Alicia se encargaba de la vigilancia nocturna del Castillo de Chapultepec. Era la monitorista del museo, y aunque nunca pasaba nada durante su turno, siempre estaba al pendiente de las cámaras. No faltaba el atolondrado que podía rondar por fuera del edificio, o alguien profesional dispuesto a entrar al edificio para robar. Nunca había estado en una situación así, y siempre pedía a Dios porque un día no sucediera.
Aquella noche, el hermoso Castillo que alguna vez dio cobijo al emperador Maximiliano de Habsburgo y a su esposa Carlota, se mostraba con la calma digna de un hermoso sepulcro gigantesco en medio del Bosque de Chapultepec. La noche era tibia, una señal de que el invierno estaba a punto de terminar.
Alicia no trabajaba sola: afuera habían dos vigilantes haciendo rondines frecuentes en todas las entradas del Castillo. Lo que ellos no podían vigilar, Alicia sí que lo veía. Podía estar comiendo, escuchando música o haciendo cualquier otra cosa, pero nada se le escapaba. En ese momento, mientras resolvía un crucigrama, Alicia se dio cuenta, en un movimiento de la cámara, que frente a una de las entradas principales había alguien. Ahí estaba la sombra de una persona, que se limitaba a estar de pie frente a la entrada.
Alicia se quedó observando el monitor al menos un minuto, antes de reaccionar y tomar el radio.
-Catorce, hay alguien en la entrada principal. ¿Me copias?
Un traqueteo y luego, una voz masculina que le contestaba.
-Quince, afirma. Voy a averiguar. No estoy muy lejos…
Efectivamente, el vigilante que le había contestado se encontraba como a veinte metros de ahí. Sólo era cuestión de rodear un poco el edificio y se encontraría en la entrada que Alicia había indicado.
El vigilante apareció unos cinco minutos después en la escena, y aunque Alicia podía ver que su compañero se ponía a revisar el lugar, la sombra aún se proyectaba en el suelo.

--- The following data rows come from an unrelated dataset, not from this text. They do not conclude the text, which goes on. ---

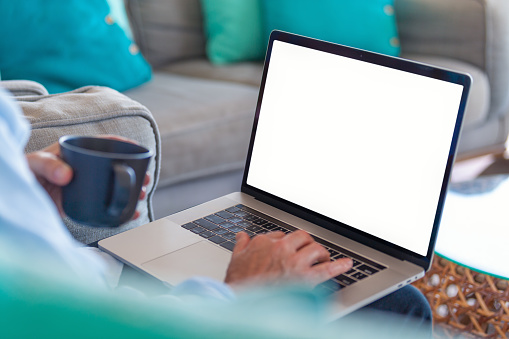 Hombre maduro usando una computadora portátil con pantalla en blanco en casa. photo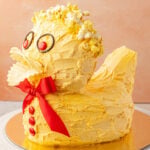 Finished duck cake on a gold board.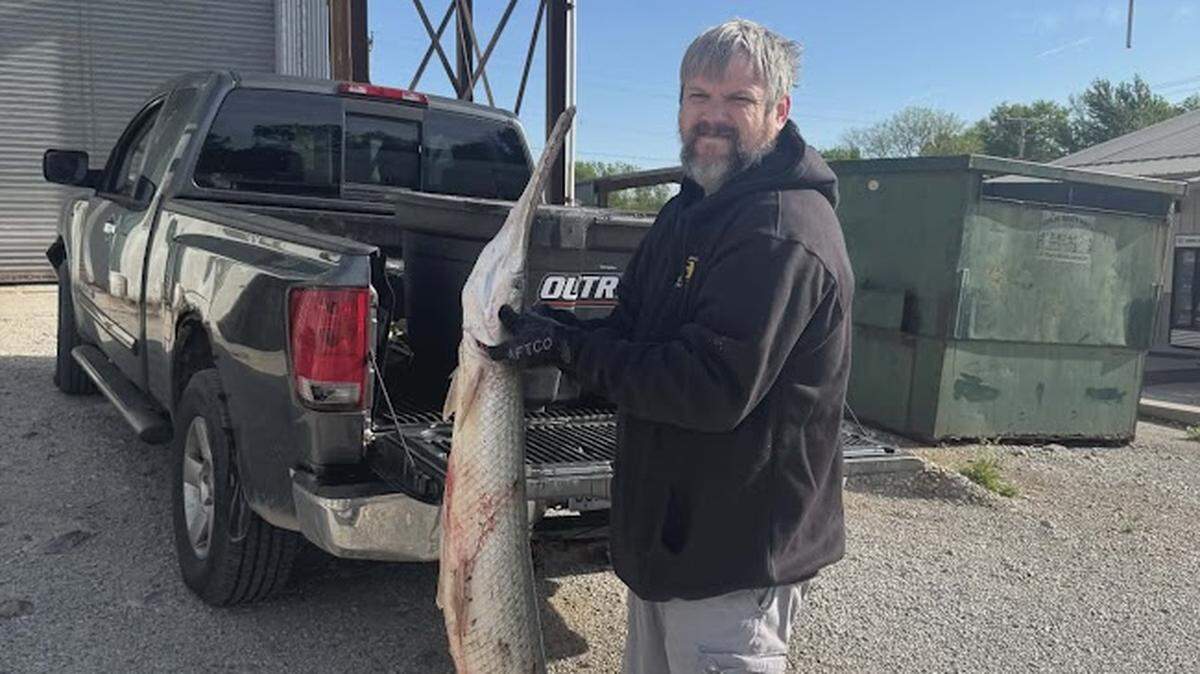 Michael Barnett with his record-breaking longnose gar.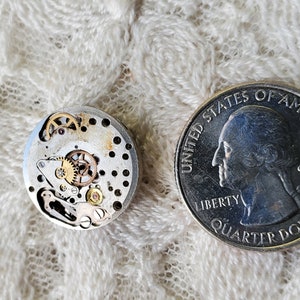 Pu&ograve; includere: Un movimento di orologio smontato con ingranaggi e componenti intricati, accanto a un quarto di dollaro americano per il confronto delle dimensioni. Il meccanismo dell'orologio &egrave; argentato e dorato, mostrando i delicati meccanismi interni di un orologio. La moneta mostra il profilo di George Washington.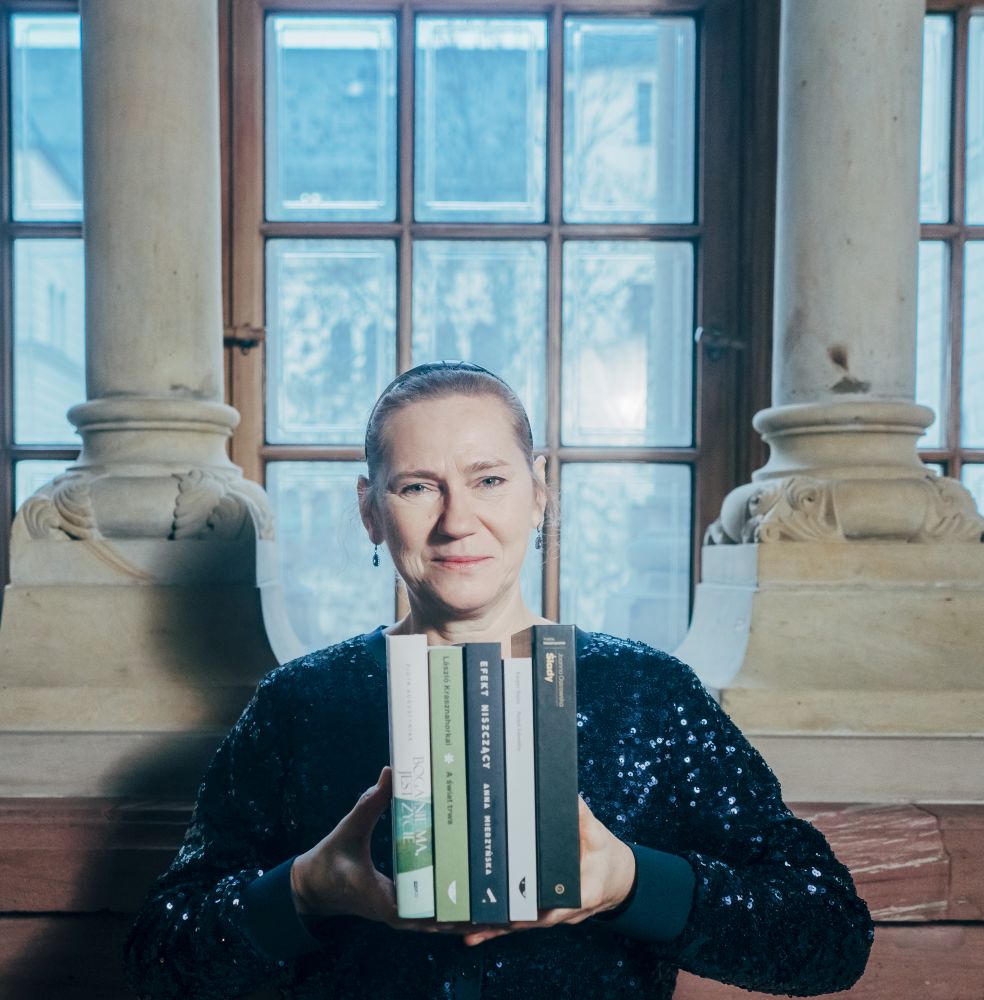 Kobieta prezentuje zestaw książek siedząc na tle okna.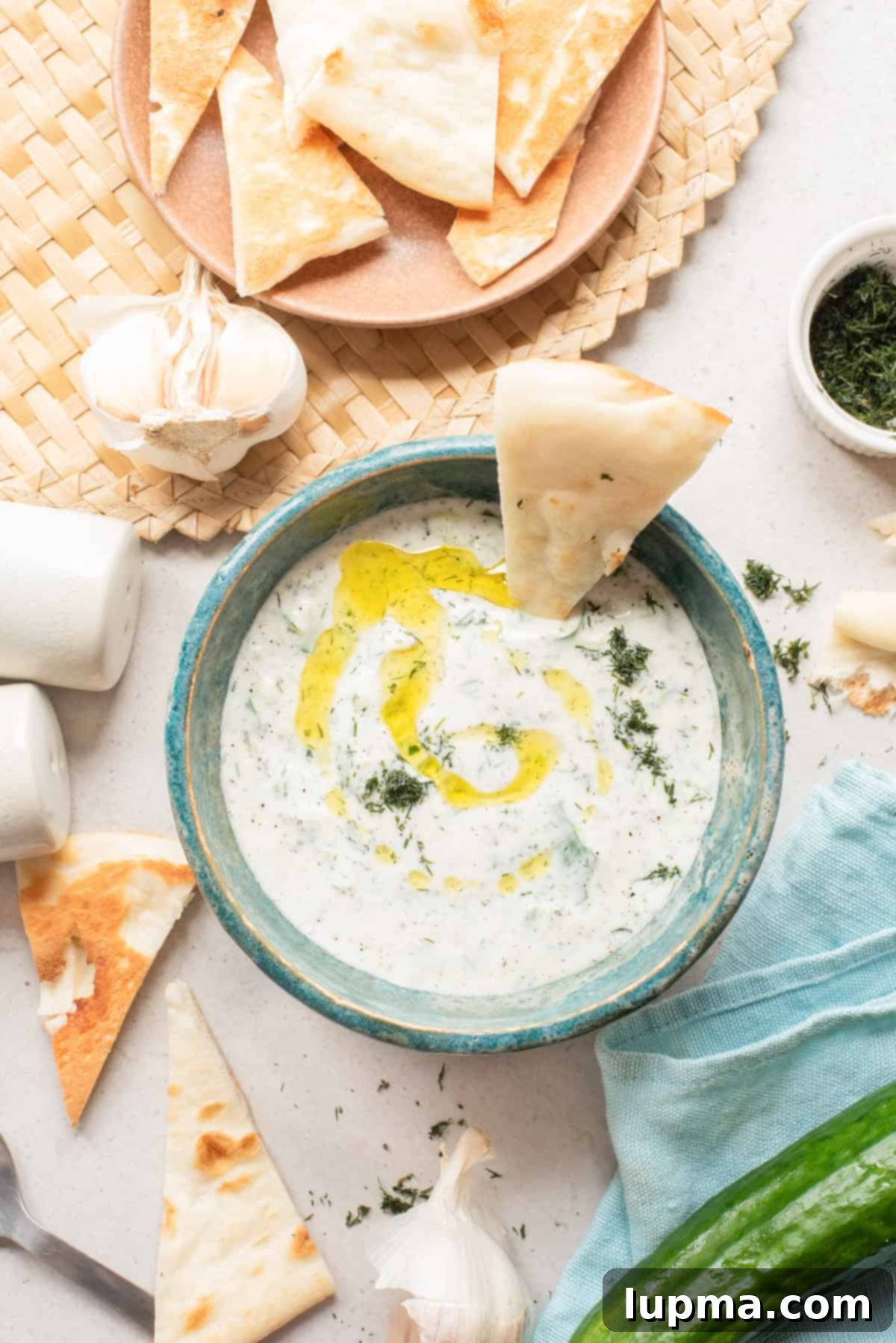 Cucumber Garlic Yogurt Sauce in a bowl with pita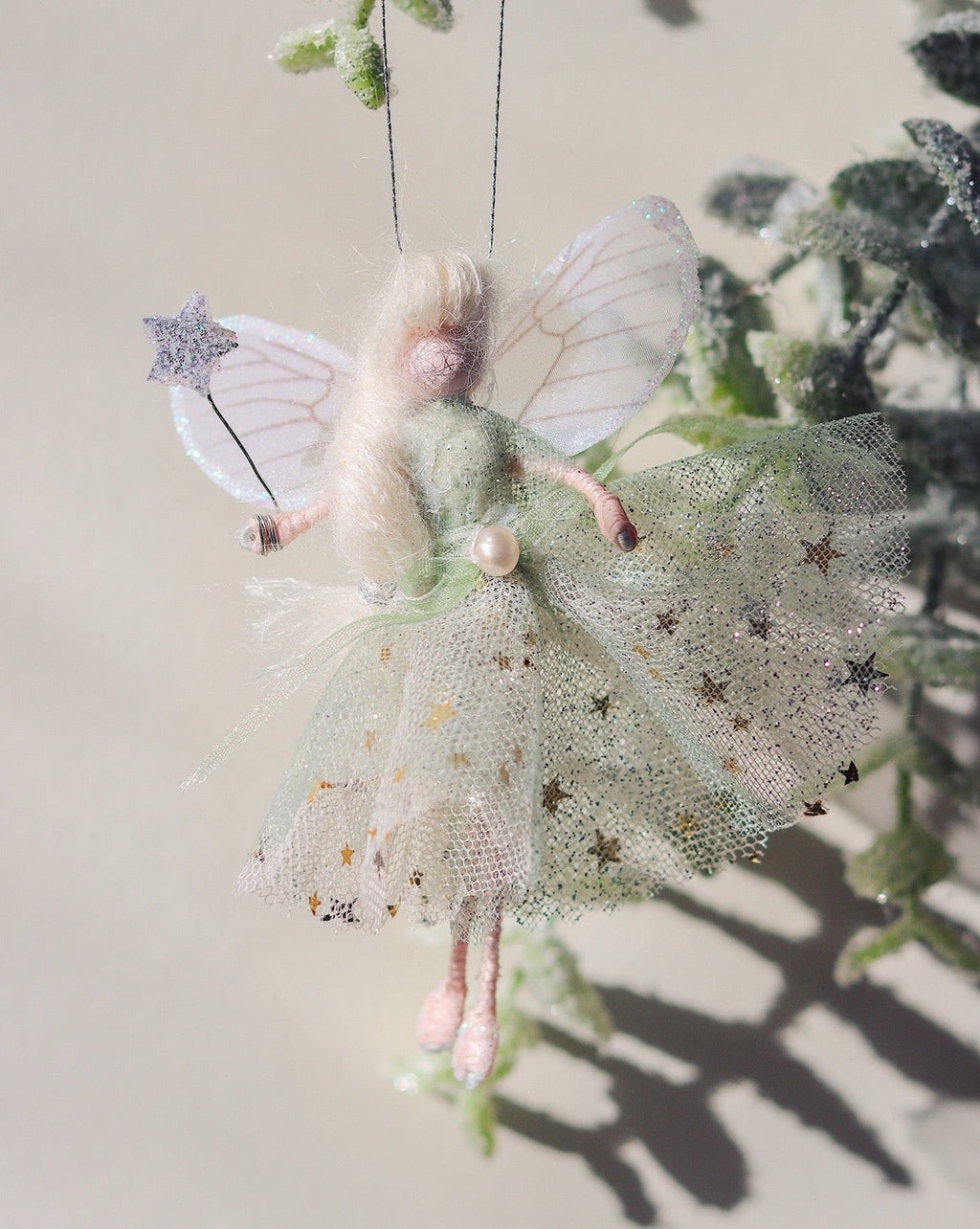 This little fairy is dressed in a pale green glitter tulle with a gold star underskirt. She has sashed her gown at the waist with a green Organza ribbon and a pearl tooth trim. She has little shoes dipped in glitter and her glittered wand to grant you your wishes!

-Quince, aquí no hay nadie. ¿Desde dónde viste a la persona?
-No se ve a la persona como tal, catorce. Se ve la sombra exactamente dónde estás tú. Está muy clara y… Se está moviendo.
El vigilante exterior empezó a revisar, con la linterna en mano, pero no veía nada. La sombra empezó a avanzar, pero algo raro pasó: aquella sombra cruzó la reja, cómo si la persona pudiese atravesar la puerta. O tal vez, la persona ya estaba dentro, y aquella sombra era producto de un reflejo raro de la luz.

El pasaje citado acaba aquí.